Letter to Angela Merkel, Chancellor of Germany - Berlin Wall Anniversary

Letter

Date: Nov. 6, 2014
Location: Washington, DC

Dear Chancellor Merkel,

As the 25th anniversary of the fall of the Berlin Wall nears, I have been reflecting on how captivating those events were and what they all meant.

That night demonstrated for our children what the human spirit can achieve. It showed them that the desire for liberty never dies. This is the great thread that links all of us, no matter where we're from, no matter how dire our situation. Even here in the United States, we are aware of the debt we owe to ordinary German citizens who longed for freedom and risked everything they had for it. You could retrace their steps to the peaceful protests in Leipzig, where you studied, or go all the way back to the uprisings of 1953, and strikes that included Templin, your hometown.

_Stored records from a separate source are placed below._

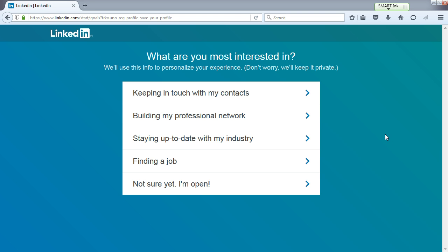What are you most interested in? LinkedIn will use this to personalize your experience, and it can be changed. Options include: keeping in touch with contacts, building a professional network, staying up to date, finding a job, or not sure yet. If you choose finding a job, it'll show more information useful for job searching — like articles on writing a good resume or how to network. I recommend selecting 'I'm not sure yet' because this gives you the most access to everything. If you chose any of the others, we can change it later.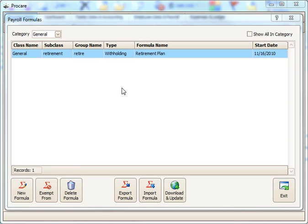To demonstrate the Payroll Formula Builder, I've saved a little time by creating a new withholding called Retirement Plan, but I've not yet created the formula.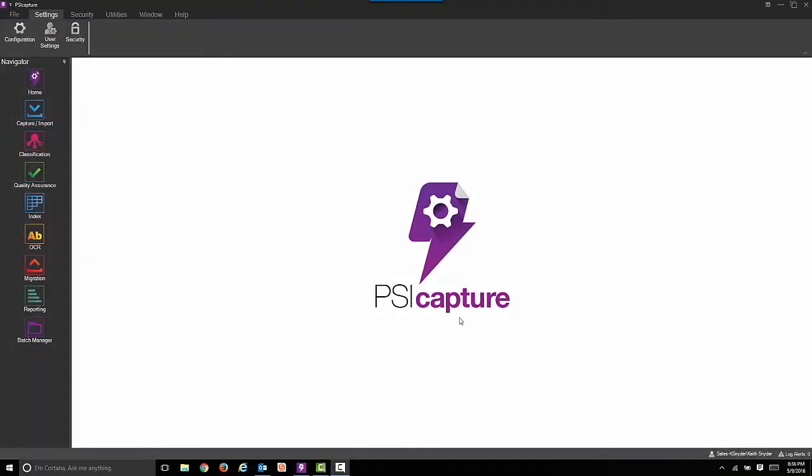In this recording, we're going to demonstrate how to extract header information from invoices using SciGen's newest version of SciCapture. This is version 6.0.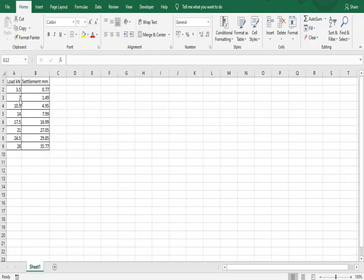Hello everyone. This video is to explain how to plot a load versus settlement graph — the inverted graph — for a plate load test. I have taken the load and settlement values and will enter them as shown.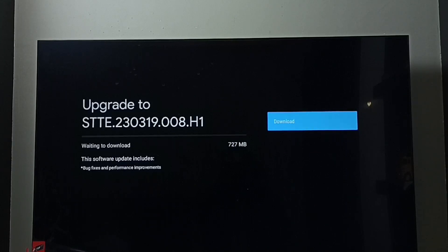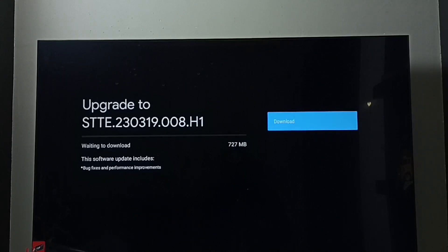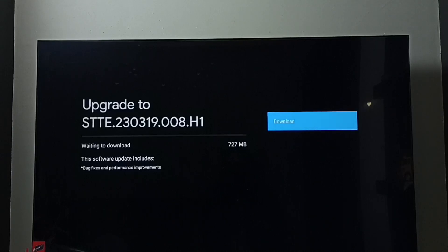Here we can see one download button on the right side. We can select it then press OK button on the remote. That way we can download and install this software update.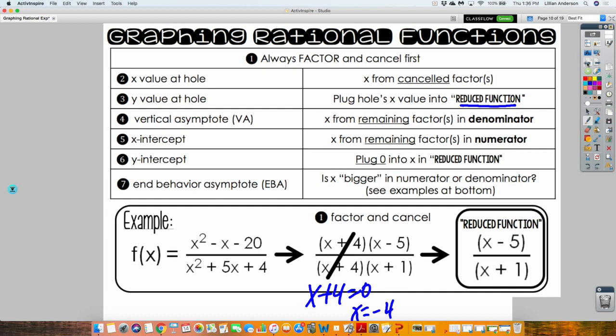It's all laid out nice and neat. As you can see, the X-intercept was 5, 0, and when you plug in 0 into your reduced function, you get 0, negative 5. You plot those points.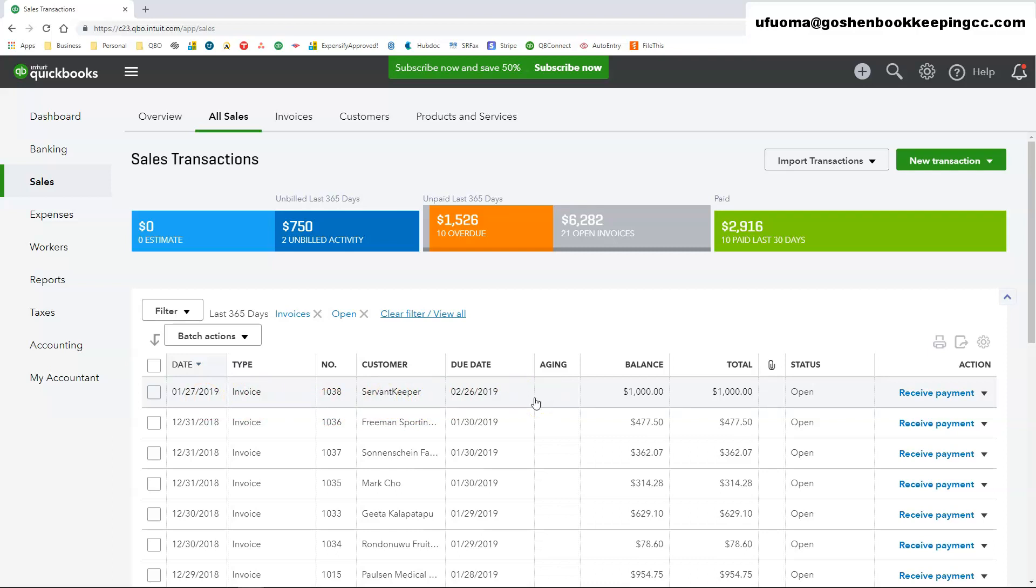That is how to create an invoice in QuickBooks Online. Thank you for watching.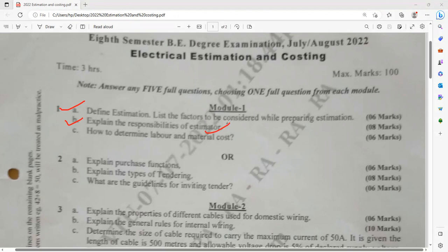What are the major roles and responsibilities? You have to explain in brief — try to add at least 8 points. How to determine labor and material cost? You have to explain the thumb rule for determination of labor and material cost. It carries the weightage of 6 marks, so 3 plus 3.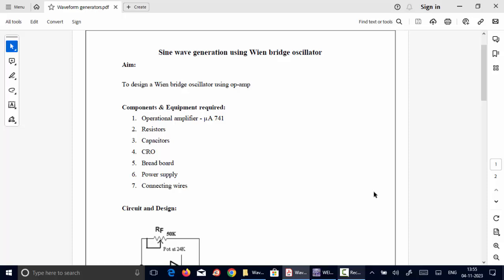The experiment is sine wave generation using Wainbridge Oscillators. We are going to design a Wainbridge Oscillator using Op-Amp IC741.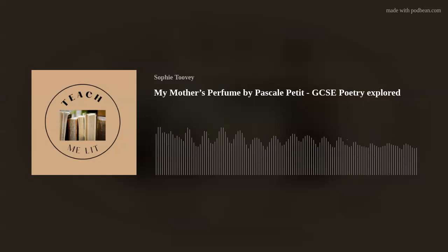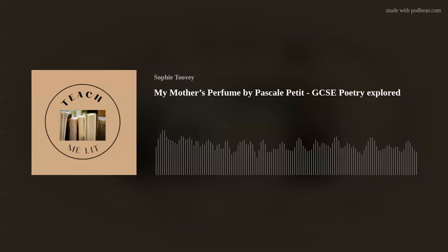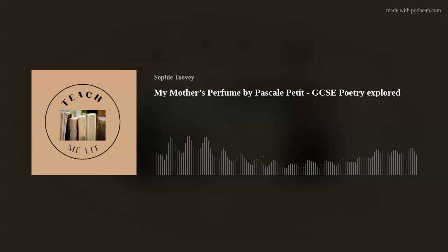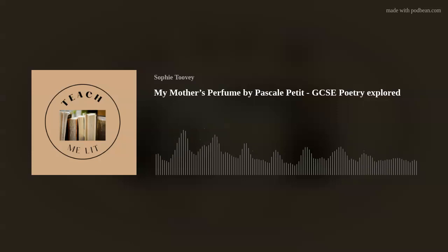Welcome to the Teach Me Lit podcast. I'm Sophie Toovey and I love talking about books and helping you to revise for English literature and go deeper in the texts you're studying. Today I'm going to be talking about a GCSE poem called My Mother's Perfume by Pascal Petit. It's a great poem full of layers with interesting things to discuss, key recurring images, strands of ideas with overall symbolism, and a great sense of atmosphere.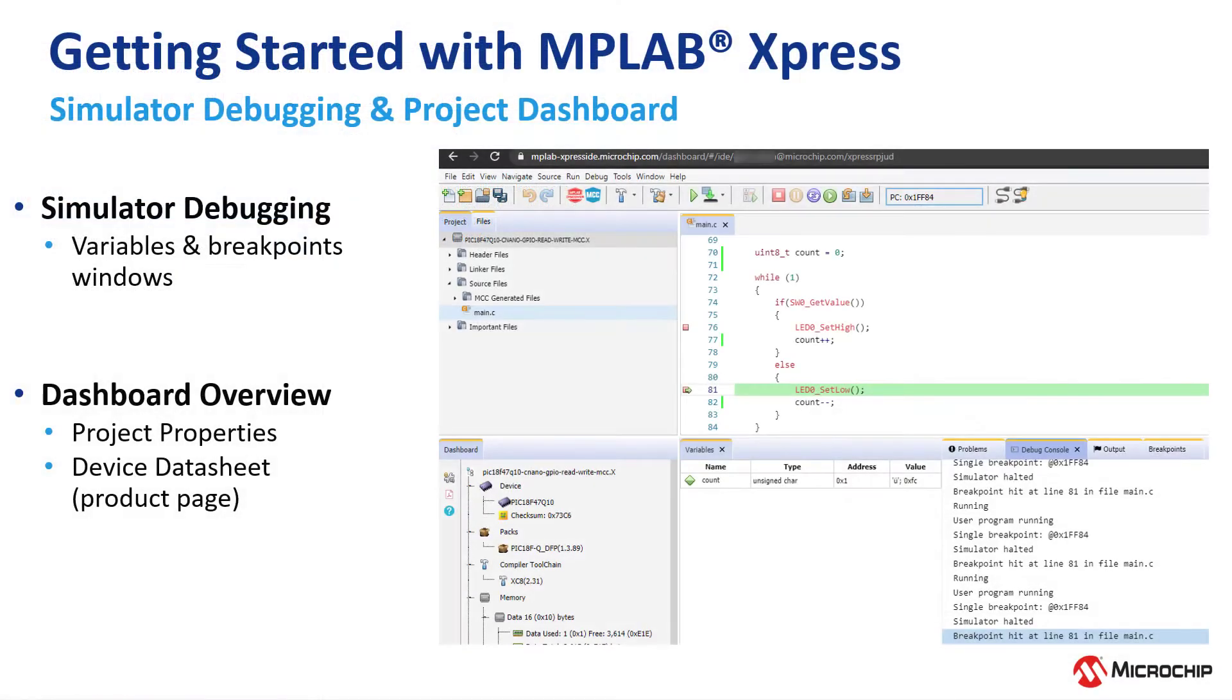In the next video, we'll show you simulated debugging and the project dashboard in MPLAB Express.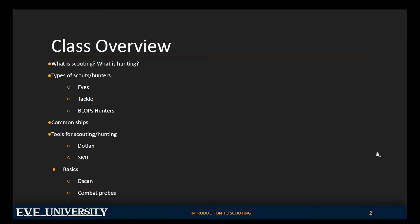So we're going to talk about what is scouting and what is hunting. Now I'm going to use these two terms interchangeably because a lot of people do. Technically, these are different things, and sometimes people will use the two different terms specifically because they mean two different things, but you'll also just hear them used interchangeably.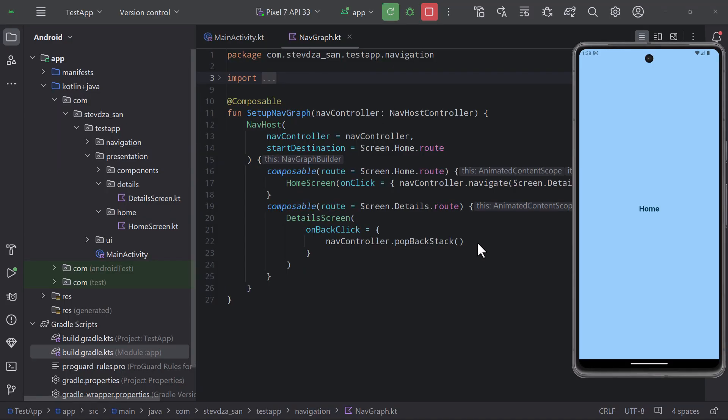In this video I will share an important tip that can help you avoid a quite confusing issue in your compose navigation logic. That issue is related to the pop backstack function of a nav controller.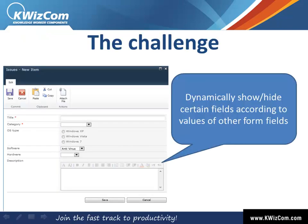Hi everyone, my name is Dean, and today I'm going to show you how to dynamically show or hide a field based on the value selected in another field in a list form using the SharePoint List Forms Extensions feature.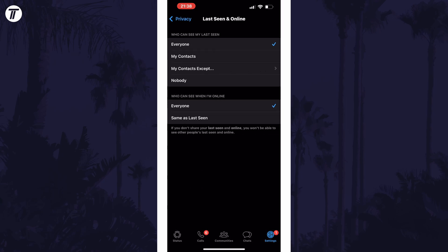To turn off Last Seen, set this to Nobody, or feel free to customise exactly who can see it individually. And so that is how to turn off Last Seen on WhatsApp on mobile devices.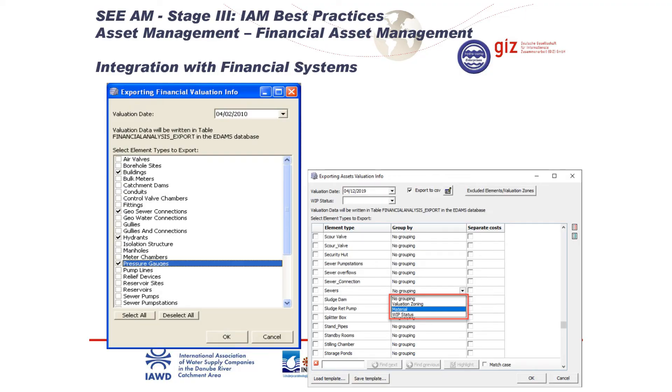Depending on the method that you use to group your assets is the approach. From our experience, we have found different methodologies: financial people might group assets by category, by pipe diameter, by material, by zone, by work in progress, or by a number of other criteria. We have built into the system the flexibility to develop the reconciliation with the financial system and, at a specific time, to export information grouped in the format the financial system requires. That is the requirement.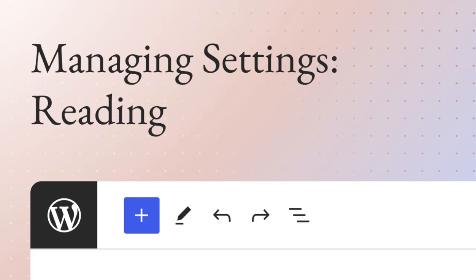Are you looking to configure your homepage display and how posts will appear? Let's go to Reading Settings.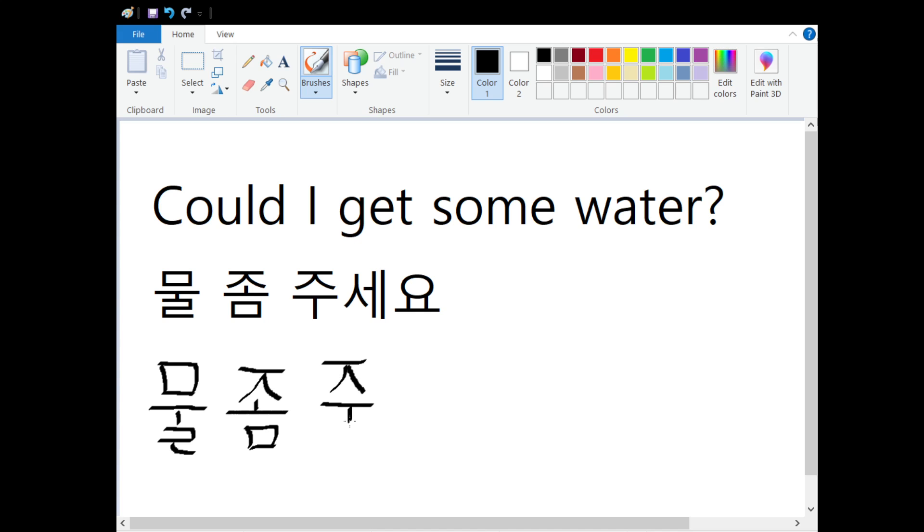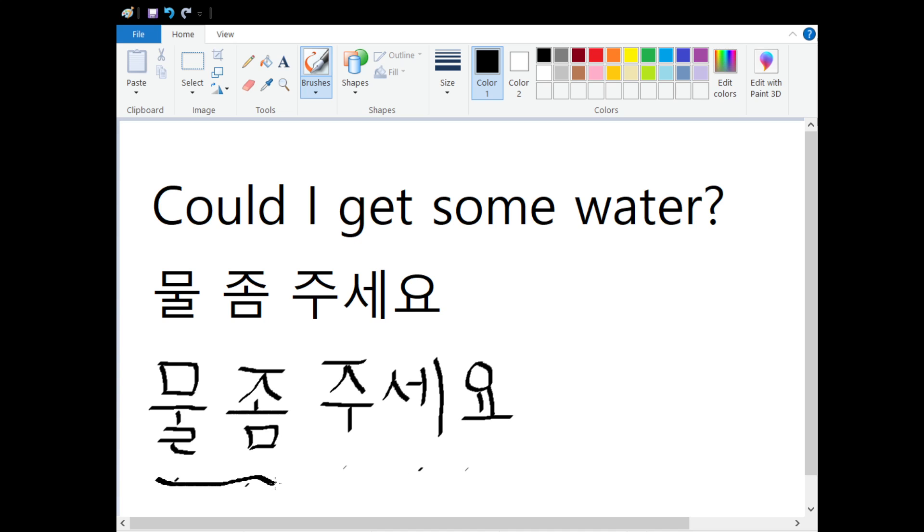주, 주, 세. 주세요, 주세요. Can I get, can I have some, 주세요. 물 좀 주세요. 물 좀 주세요.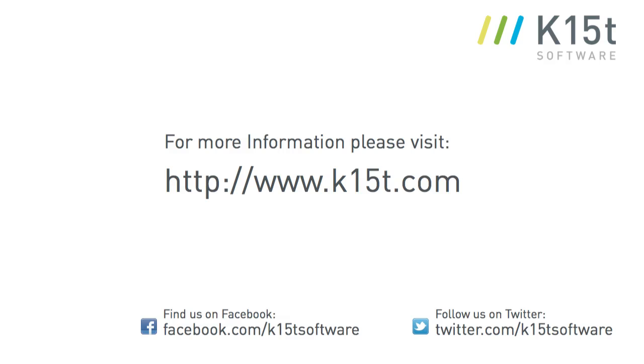So that's it. Now you know how to use the duplicate page title feature in Scroll Versions. If you have questions about Scroll Versions, please check the K15T website or feel free to contact us at any time. Thanks a lot.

Not long after that, President Dwight D. Eisenhower wrote a letter to the German chancellor, the last paragraph of which reads: "No one can foretell what the unfolding months will bring, but it can certainly be said that the workers of Berlin's Soviet Sector and the workers of East Germany, with the workers of Czechoslovakia, have started something that will have an important place on the pages of history. May the concluding chapter of that history record the reemergence of freedom, of peace, and of happiness."

What a story it turned out to be, and on this proud occasion for your country, allow me to express the gratitude and appreciation of the U.S. House of Representatives for the enduring friendship between our peoples.